November 28, 2011, from New York Times

Another Try for a Global Climate Effort

C'mon, folks, let's give it a shot. The planet's pretty important.
With intensifying climate disasters and global economic turmoil as the backdrop, delegates from 194 nations gather in Durban, South Africa, this week to try to advance, if only incrementally, the world's response to dangerous climate change. To those who have followed the negotiations of the U.N. Framework Convention on Climate Change over their nearly 20-year history, the conflicts and controversies to be taken up in Durban are monotonously familiar -- the differing obligations of industrialized and developing nations, the question of who will pay to help poor nations adapt, the urgency of protecting tropical forests, the need to develop and deploy clean energy technology rapidly.

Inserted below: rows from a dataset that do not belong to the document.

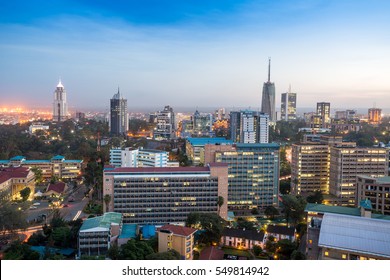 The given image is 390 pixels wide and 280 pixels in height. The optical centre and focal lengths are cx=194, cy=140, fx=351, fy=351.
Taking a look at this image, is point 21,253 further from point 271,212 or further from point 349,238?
point 271,212

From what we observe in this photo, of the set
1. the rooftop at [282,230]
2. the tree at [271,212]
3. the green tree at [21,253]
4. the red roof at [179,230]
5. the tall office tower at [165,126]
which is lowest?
the tree at [271,212]

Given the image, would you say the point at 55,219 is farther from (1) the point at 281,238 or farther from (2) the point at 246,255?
(1) the point at 281,238

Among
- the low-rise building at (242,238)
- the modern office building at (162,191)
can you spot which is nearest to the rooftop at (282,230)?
the low-rise building at (242,238)

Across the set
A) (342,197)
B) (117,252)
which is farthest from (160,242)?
(342,197)

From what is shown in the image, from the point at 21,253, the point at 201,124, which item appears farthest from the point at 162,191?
the point at 201,124

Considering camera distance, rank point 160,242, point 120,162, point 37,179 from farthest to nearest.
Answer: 1. point 120,162
2. point 37,179
3. point 160,242

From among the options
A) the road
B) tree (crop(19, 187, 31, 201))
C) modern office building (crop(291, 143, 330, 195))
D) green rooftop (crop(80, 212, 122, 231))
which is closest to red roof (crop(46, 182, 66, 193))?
the road

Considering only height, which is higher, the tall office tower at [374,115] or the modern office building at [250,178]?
the tall office tower at [374,115]

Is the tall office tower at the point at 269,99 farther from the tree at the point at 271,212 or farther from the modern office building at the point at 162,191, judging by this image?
the modern office building at the point at 162,191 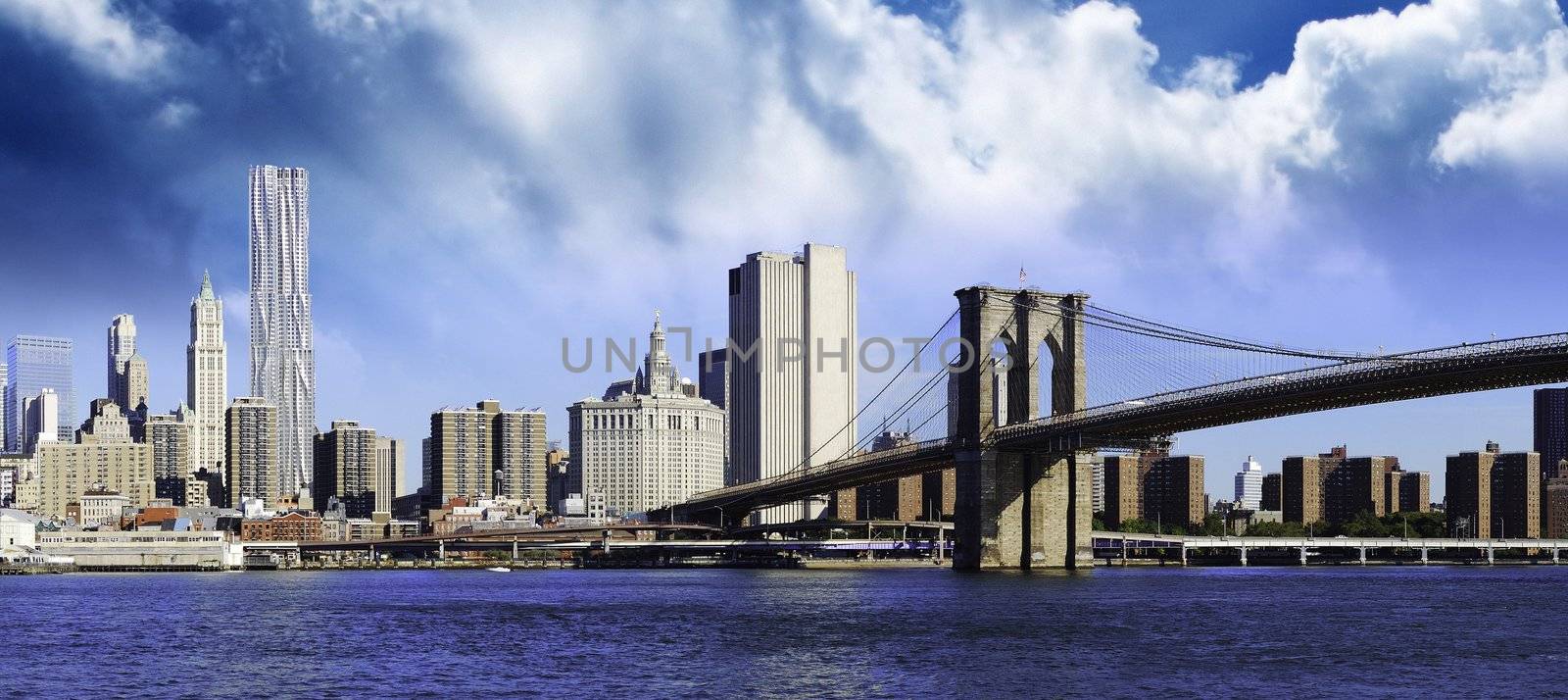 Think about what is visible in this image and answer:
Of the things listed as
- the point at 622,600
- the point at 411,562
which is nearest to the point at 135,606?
the point at 622,600

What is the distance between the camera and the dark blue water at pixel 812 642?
35.2 metres

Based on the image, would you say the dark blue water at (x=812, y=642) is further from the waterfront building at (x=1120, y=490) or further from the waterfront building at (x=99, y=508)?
the waterfront building at (x=99, y=508)

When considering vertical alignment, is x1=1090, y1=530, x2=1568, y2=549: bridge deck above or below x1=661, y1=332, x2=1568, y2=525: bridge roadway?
below

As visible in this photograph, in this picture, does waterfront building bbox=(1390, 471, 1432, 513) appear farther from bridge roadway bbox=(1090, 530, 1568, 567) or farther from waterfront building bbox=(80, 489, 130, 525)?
waterfront building bbox=(80, 489, 130, 525)

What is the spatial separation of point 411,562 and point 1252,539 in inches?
2545

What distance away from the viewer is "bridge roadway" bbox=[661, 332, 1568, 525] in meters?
60.1

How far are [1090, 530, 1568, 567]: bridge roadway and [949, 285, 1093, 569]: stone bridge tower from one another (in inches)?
1896

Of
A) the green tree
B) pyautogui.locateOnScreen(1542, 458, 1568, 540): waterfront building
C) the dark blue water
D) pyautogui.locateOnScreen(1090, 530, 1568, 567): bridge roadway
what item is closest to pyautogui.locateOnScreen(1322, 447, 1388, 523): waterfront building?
pyautogui.locateOnScreen(1542, 458, 1568, 540): waterfront building

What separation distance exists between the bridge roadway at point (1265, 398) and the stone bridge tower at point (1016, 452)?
1314 mm

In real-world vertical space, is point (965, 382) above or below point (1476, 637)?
above

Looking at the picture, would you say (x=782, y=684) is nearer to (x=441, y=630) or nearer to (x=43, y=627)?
(x=441, y=630)

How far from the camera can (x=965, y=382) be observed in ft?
277

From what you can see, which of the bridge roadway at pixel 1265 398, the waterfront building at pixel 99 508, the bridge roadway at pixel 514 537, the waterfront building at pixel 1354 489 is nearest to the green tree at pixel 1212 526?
the waterfront building at pixel 1354 489

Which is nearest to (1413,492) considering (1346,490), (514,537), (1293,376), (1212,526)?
(1346,490) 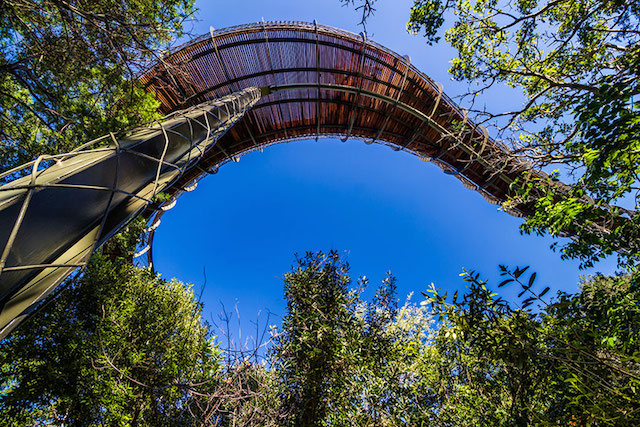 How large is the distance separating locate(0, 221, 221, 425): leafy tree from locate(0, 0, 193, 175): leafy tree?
145 inches

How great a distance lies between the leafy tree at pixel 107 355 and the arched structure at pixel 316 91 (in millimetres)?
4198

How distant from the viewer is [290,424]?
542cm

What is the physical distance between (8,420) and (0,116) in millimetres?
6641

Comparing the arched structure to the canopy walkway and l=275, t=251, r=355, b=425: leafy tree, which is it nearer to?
the canopy walkway

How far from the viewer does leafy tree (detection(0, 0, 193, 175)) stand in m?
4.70

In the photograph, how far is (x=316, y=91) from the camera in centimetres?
945

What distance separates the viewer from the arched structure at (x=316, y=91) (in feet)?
26.3

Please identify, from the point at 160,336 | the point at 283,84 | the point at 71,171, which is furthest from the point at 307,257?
the point at 71,171

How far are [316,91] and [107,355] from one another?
9.51 m

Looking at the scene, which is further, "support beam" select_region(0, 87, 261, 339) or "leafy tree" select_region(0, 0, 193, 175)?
"leafy tree" select_region(0, 0, 193, 175)

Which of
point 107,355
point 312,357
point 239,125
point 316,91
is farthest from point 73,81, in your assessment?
point 312,357

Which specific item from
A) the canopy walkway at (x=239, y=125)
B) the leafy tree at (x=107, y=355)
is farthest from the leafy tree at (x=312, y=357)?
the canopy walkway at (x=239, y=125)

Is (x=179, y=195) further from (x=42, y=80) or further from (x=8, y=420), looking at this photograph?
(x=8, y=420)

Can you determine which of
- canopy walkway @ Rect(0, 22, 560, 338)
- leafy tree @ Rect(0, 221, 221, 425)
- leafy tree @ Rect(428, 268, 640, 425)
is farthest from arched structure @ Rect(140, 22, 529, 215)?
leafy tree @ Rect(428, 268, 640, 425) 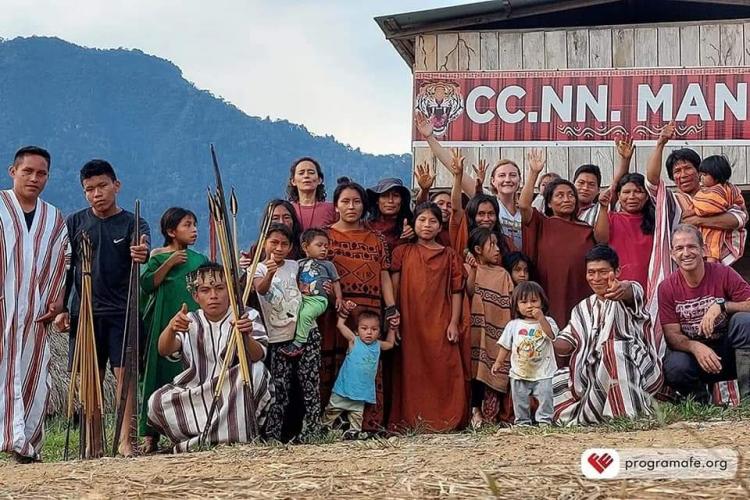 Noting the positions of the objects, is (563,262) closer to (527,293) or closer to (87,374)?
(527,293)

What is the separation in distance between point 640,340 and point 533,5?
158 inches

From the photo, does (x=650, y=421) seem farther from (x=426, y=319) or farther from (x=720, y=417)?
(x=426, y=319)

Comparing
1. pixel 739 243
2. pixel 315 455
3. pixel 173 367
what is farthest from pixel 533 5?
pixel 315 455

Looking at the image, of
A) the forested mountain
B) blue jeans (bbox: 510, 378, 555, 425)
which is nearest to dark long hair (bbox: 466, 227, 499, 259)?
blue jeans (bbox: 510, 378, 555, 425)

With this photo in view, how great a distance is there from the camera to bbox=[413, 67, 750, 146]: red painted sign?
358 inches

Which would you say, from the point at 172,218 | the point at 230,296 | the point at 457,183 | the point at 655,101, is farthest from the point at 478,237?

November 28, 2009, from London Daily Telegraph

Who's to blame for Climategate?

"Climategate" will later look like just one more bump on the road to ruin.
...East Anglia is now ground zero in a controversy which just might influence the entire future of our planet. A little over a week ago, hundreds of internal emails written by scientists working at the CRU were obtained by a hacker and posted on the internet, some of which appeared to show that researchers had deliberately faked evidence of global warming by manipulating statistics.... Phil Jones, the 57-year-old director of the CRU, is the man who has suddenly found himself the number one target of climate change conspiracy theorists the world over after he sent the most damaging of all the emails exposed by the anonymous hacker. In one message, dated November 1999, he wrote: "I've just completed Mike's trick of adding in the real temps to each series for the last 20 years (ie from 1981 onwards) and from 1961 to hide the decline."

Resource
Depletion


November 28, 2011, from Associated Press

A quarter of world's farmlands highly degraded, says UN

Cropalypse!
The United Nations has completed the first-ever global assessment of the state of the planet's land resources, finding in a report today that a quarter of all farmland is highly degraded and warning the trend must be reversed if the world's growing population is to be fed. The UN Food and Agriculture Organisation estimates that farmers will have to produce 70 per cent more food by 2050 to meet the needs of the world's expected nine billion-strong population. That amounts to 1 billion tonnes more wheat, rice and other cereals and 200 million more tons of cow and other livestock. But as it is, most available farmland is already being farmed, and in ways that actually decrease its productivity through practices that lead to soil erosion and wasting of water.

Recovery


November 28, 2012, from Reuters

Judge orders tobacco companies to admit deception

The same will someday happen to climate change deniers.
Major tobacco companies that spent decades denying they lied to the U.S. public about the dangers of cigarettes must spend their own money on a public advertising campaign saying they did lie, a federal judge ruled on Tuesday.